Die Idee hinter diesem Giganten der Physik? Tiefer in die Erforschung der fundamentalen Gesetze des Universums vordringen. Die soeben veröffentlichte Machbarkeitsstudie skizziert die wissenschaftlichen, technischen und wirtschaftlichen Grundzüge dieses außergewöhnlichen Projekts.
Künstlerische Darstellung des Tunnels für den FCC-hh (Proton-Proton-Collider).
Bild: PIXELRISE
Alles beginnt mit dem Higgs-Boson, jenem Teilchen, das 2012 entdeckt wurde und eine entscheidende Rolle im Mechanismus spielt, der anderen Teilchen Masse verleiht. Ohne es gäbe es keine Atome, keine strukturierte Materie, kein Universum, wie wir es kennen. Dennoch bleibt es rätselhaft. Genau um seine Geheimnisse zu lüften – und vielleicht neue Teilchen zu entdecken – wurde der FCC konzipiert.
Das Programm sieht zwei Hauptphasen vor. Zunächst einen Elektron-Positron-Collider, der enorme Mengen an Higgs-Bosonen erzeugen kann, um sie mit bisher unerreichter Präzision zu untersuchen. Danach eine noch ehrgeizigere Phase: ein Proton-Proton-Collider mit einer Rekord-Kollisionsenergie von 100 TeV, fast siebenmal mehr als der LHC.
Dieser Fahrplan folgt den wissenschaftlichen Prioritäten der europäischen Strategie für Teilchenphysik. Doch bevor überhaupt mit dem Bau begonnen werden kann, muss sichergestellt werden, dass alles realisierbar ist: technisch, umwelttechnisch, geologisch, wirtschaftlich... Genau darum geht es in dem vom CERN veröffentlichten Bericht.
Die geschätzten Kosten für die erste Phase, einschließlich Tunnel und Infrastruktur, belaufen sich auf 15 Milliarden Schweizer Franken, verteilt über etwa zwölf Jahre ab den 2030er Jahren. Die Finanzierung würde hauptsächlich aus dem regulären CERN-Budget stammen, wie bereits beim LHC.
Karte mit dem bevorzugten Verlauf des FCC.
Bild: CERN
Ein weiteres entscheidendes Thema: Nachhaltigkeit. Das CERN möchte den FCC zu einem Vorbild für verantwortungsvolle Forschung machen, mit einem möglichst geringen ökologischen Fußabdruck. Der Bericht nennt mehrere Ansätze, wie die Wiederverwendung der erzeugten Energie oder die Einbindung des Projekts in die betroffenen Regionen, mit lokalen technologischen und wirtschaftlichen Auswirkungen.
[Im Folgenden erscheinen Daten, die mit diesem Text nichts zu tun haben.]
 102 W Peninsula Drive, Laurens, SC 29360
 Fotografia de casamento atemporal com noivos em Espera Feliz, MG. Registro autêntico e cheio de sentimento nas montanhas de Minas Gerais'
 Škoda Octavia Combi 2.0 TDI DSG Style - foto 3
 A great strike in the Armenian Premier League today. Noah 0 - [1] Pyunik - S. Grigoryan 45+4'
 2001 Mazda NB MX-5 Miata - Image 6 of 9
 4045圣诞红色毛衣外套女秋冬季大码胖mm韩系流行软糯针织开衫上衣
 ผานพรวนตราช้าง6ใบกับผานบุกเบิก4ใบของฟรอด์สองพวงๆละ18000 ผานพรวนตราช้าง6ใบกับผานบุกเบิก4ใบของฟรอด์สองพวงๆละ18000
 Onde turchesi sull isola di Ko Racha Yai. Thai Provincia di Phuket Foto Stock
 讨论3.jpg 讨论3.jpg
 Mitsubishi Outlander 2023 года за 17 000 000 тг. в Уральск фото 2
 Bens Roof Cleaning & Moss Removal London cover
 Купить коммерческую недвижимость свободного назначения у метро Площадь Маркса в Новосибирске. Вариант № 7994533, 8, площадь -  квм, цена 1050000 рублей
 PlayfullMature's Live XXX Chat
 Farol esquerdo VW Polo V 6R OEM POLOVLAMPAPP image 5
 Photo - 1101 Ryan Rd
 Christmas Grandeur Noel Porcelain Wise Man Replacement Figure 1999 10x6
Die bevorzugte Tunnelroute wäre 90,7 km lang, etwa 200 Meter unter der Erde, mit acht oberirdischen Standorten und vier großen Detektoren. Nicht weniger als 100 Szenarien wurden geprüft, bevor diese Wahl getroffen wurde.
Während der gesamten Studie wurden die Schweiz und Frankreich – die beiden Gastländer des CERN – sowie zahlreiche lokale Gemeinden einbezogen. Auch eine öffentliche Konsultation ist geplant, um einen offenen Dialog über das Projekt zu gewährleisten.
Der Bericht bedeutet nicht, dass der FCC gebaut wird. Es handelt sich um eine Diskussionsgrundlage. Er wird von unabhängigen Experten geprüft und dann im November 2025 dem CERN-Rat vorgelegt. Eine endgültige Entscheidung könnte um 2028 fallen.
Hinter diesem Projekt geht es nicht nur um wissenschaftlichen Fortschritt. Collider haben oft Auswirkungen weit über Labore hinaus: Medizintechnik, Energie, Materialien, Hightech-Elektronik... Der FCC, falls er verwirklicht wird, könnte ebenso sehr unsere Gesellschaft verändern wie unser Verständnis des Universums.